Segment Open
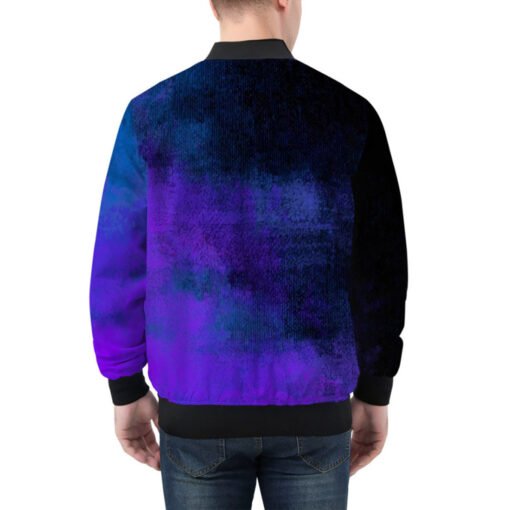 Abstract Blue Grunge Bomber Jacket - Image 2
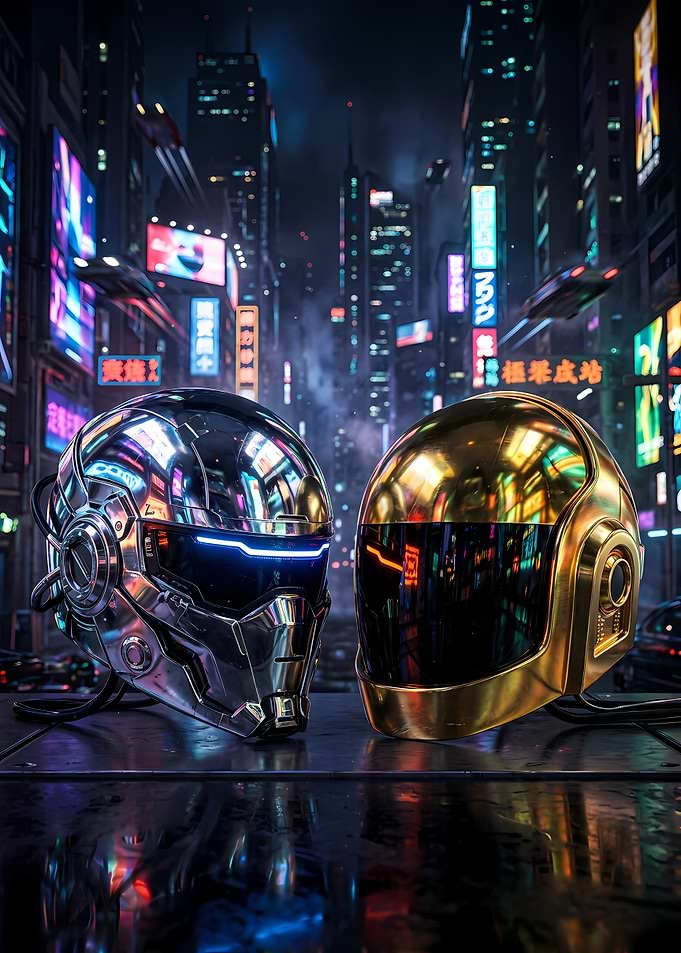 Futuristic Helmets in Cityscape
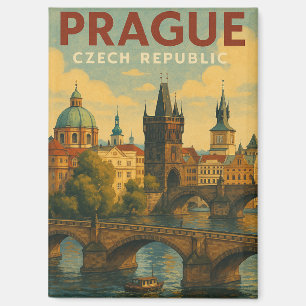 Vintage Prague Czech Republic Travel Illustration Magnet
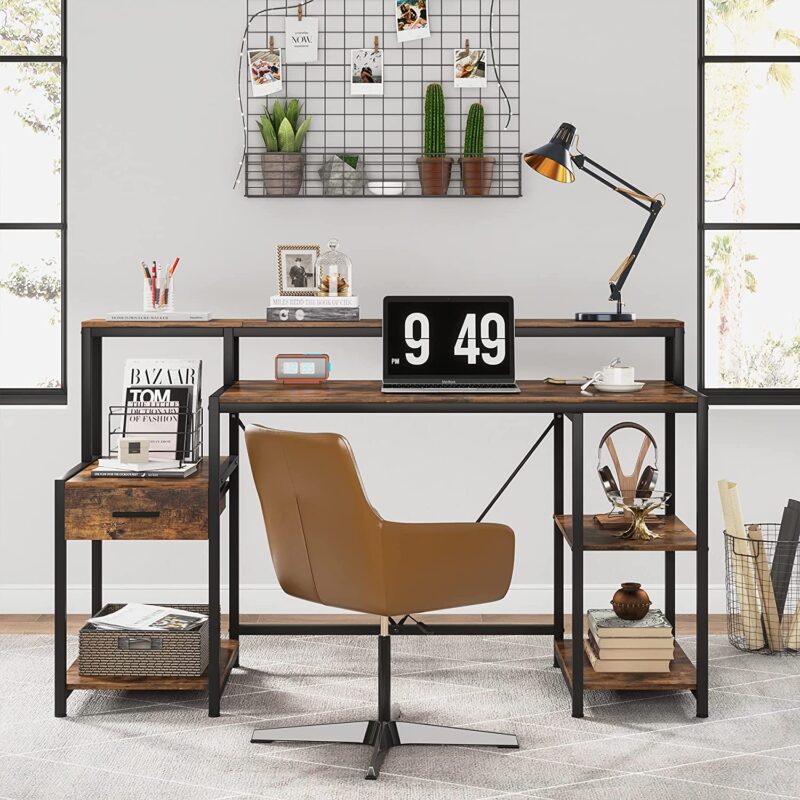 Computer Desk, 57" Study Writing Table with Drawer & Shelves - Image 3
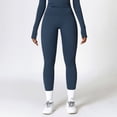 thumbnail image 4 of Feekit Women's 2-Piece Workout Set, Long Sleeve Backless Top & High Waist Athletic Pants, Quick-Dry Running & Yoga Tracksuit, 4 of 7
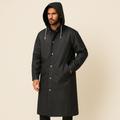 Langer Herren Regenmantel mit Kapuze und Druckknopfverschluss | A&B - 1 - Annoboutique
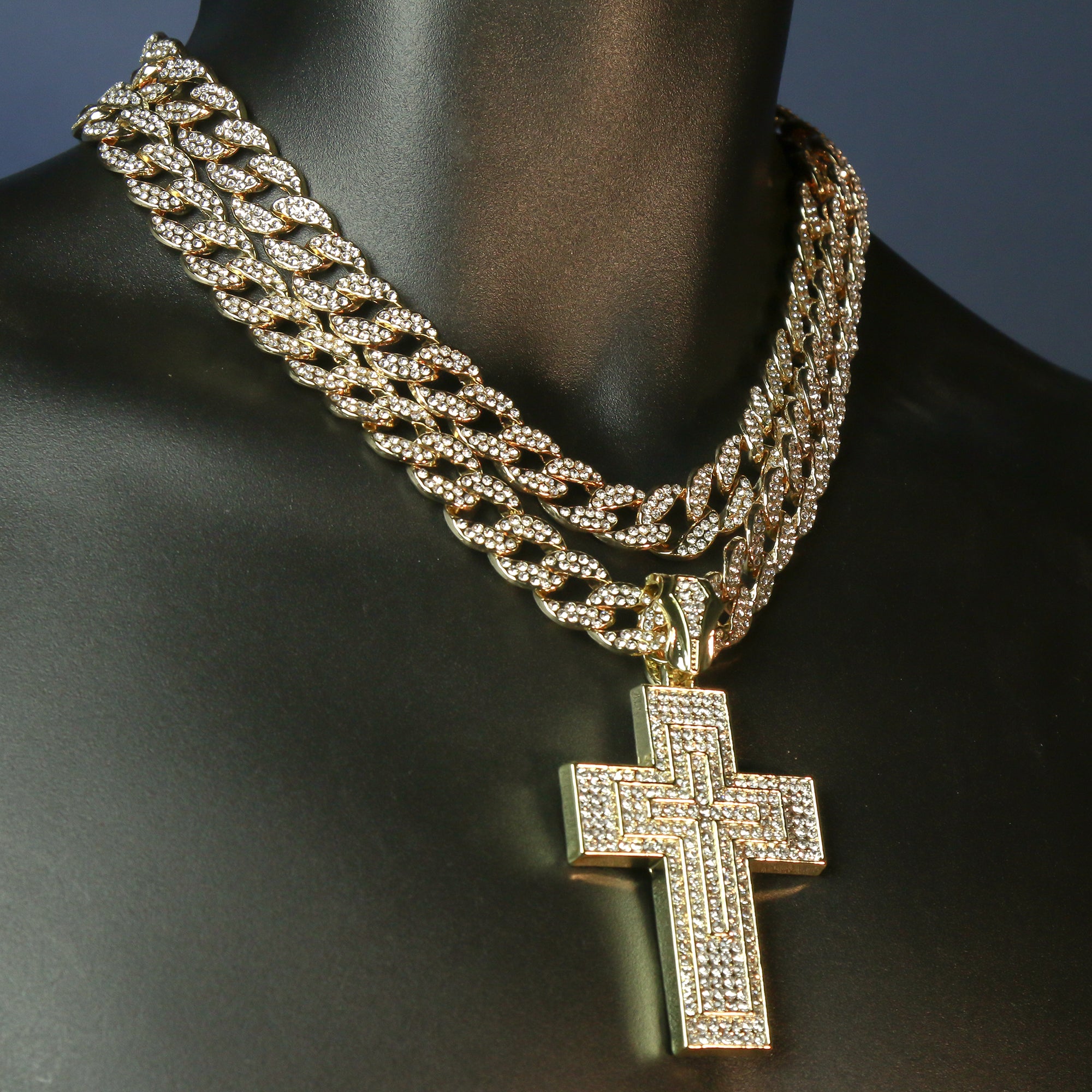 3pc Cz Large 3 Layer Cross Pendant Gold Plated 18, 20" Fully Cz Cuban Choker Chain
Segment Closed
Segment Open
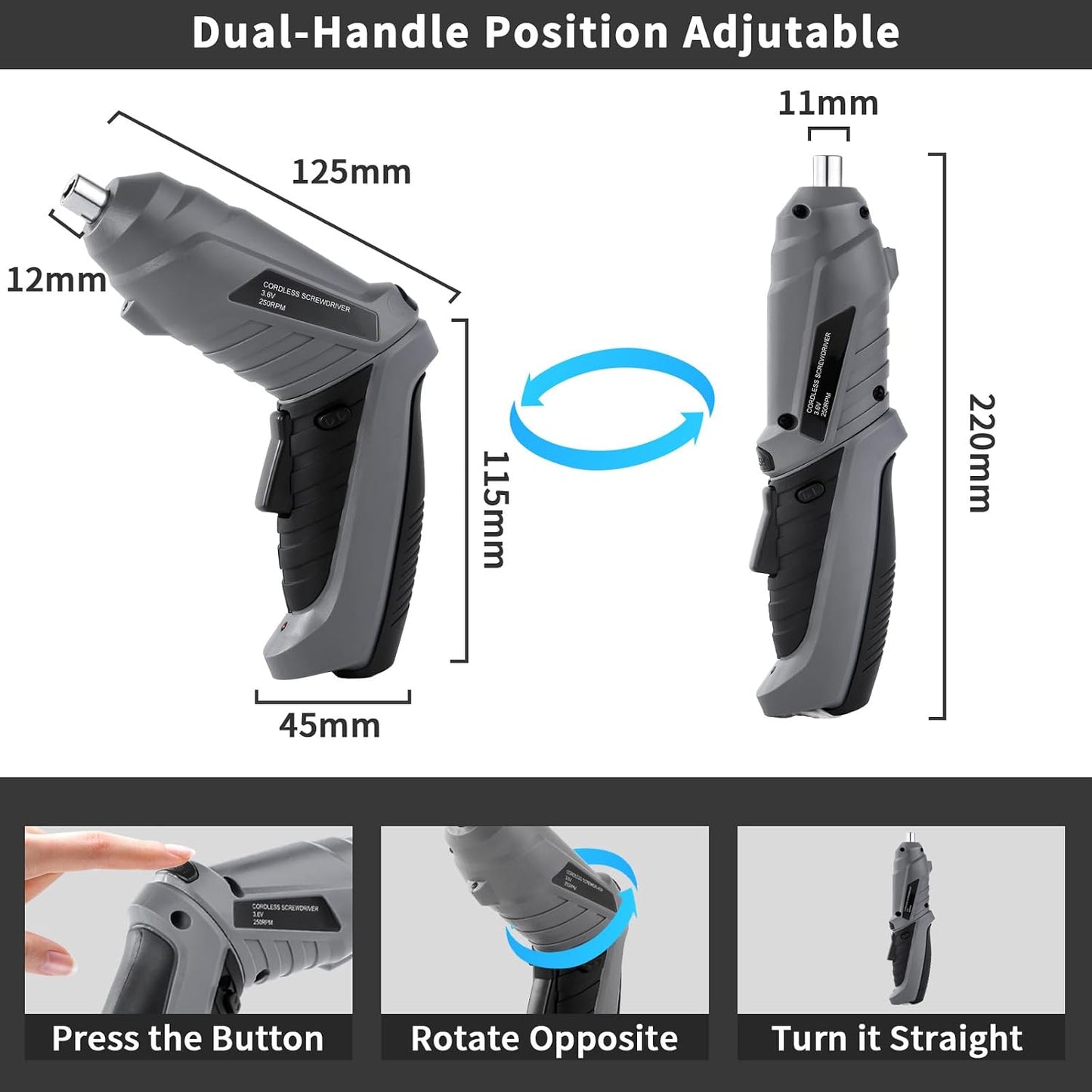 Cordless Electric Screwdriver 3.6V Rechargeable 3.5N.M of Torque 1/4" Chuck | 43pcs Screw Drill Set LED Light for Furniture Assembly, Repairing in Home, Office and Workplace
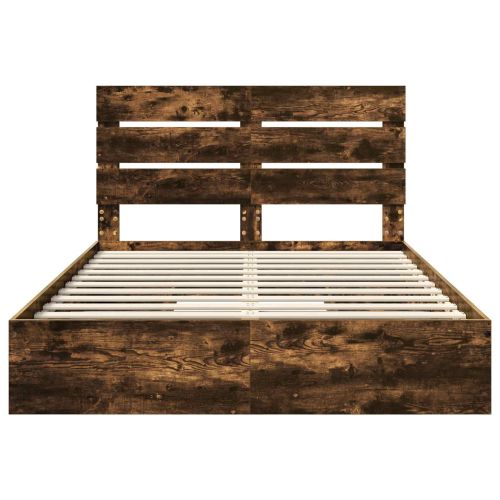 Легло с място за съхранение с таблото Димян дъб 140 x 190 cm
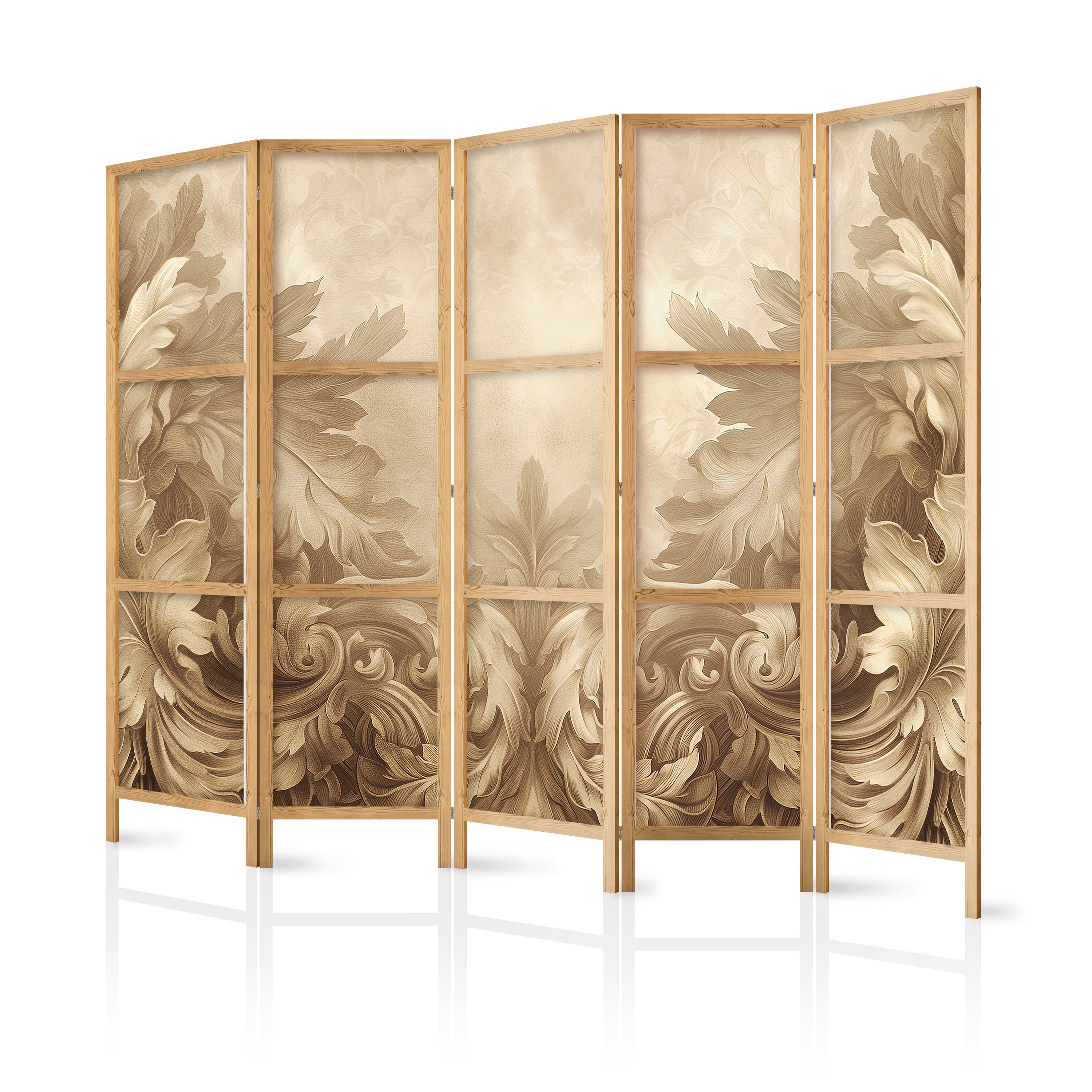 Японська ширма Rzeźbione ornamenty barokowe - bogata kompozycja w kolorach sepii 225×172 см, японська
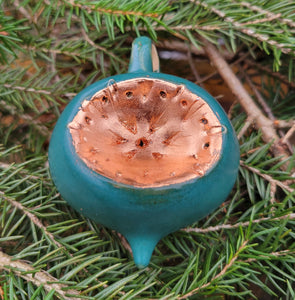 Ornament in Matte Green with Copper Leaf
Segment Closed
PROBLEM REQUIREMENTS.
Look through the material above. Transcribe exactly the lines between the ones with "Abstract Blue Grunge Bomber Jacket - Image 2" and "3pc Cz Large", inclusive, and keep pictures out.

OUTPUT BELOW.
 Abstract Blue Grunge Bomber Jacket - Image 2
 Futuristic Helmets in Cityscape
 Vintage Prague Czech Republic Travel Illustration Magnet
 Computer Desk, 57" Study Writing Table with Drawer & Shelves - Image 3
 thumbnail image 4 of Feekit Women's 2-Piece Workout Set, Long Sleeve Backless Top & High Waist Athletic Pants, Quick-Dry Running & Yoga Tracksuit, 4 of 7
 Langer Herren Regenmantel mit Kapuze und Druckknopfverschluss | A&B - 1 - Annoboutique
 3pc Cz Large 3 Layer Cross Pendant Gold Plated 18, 20" Fully Cz Cuban Choker Chain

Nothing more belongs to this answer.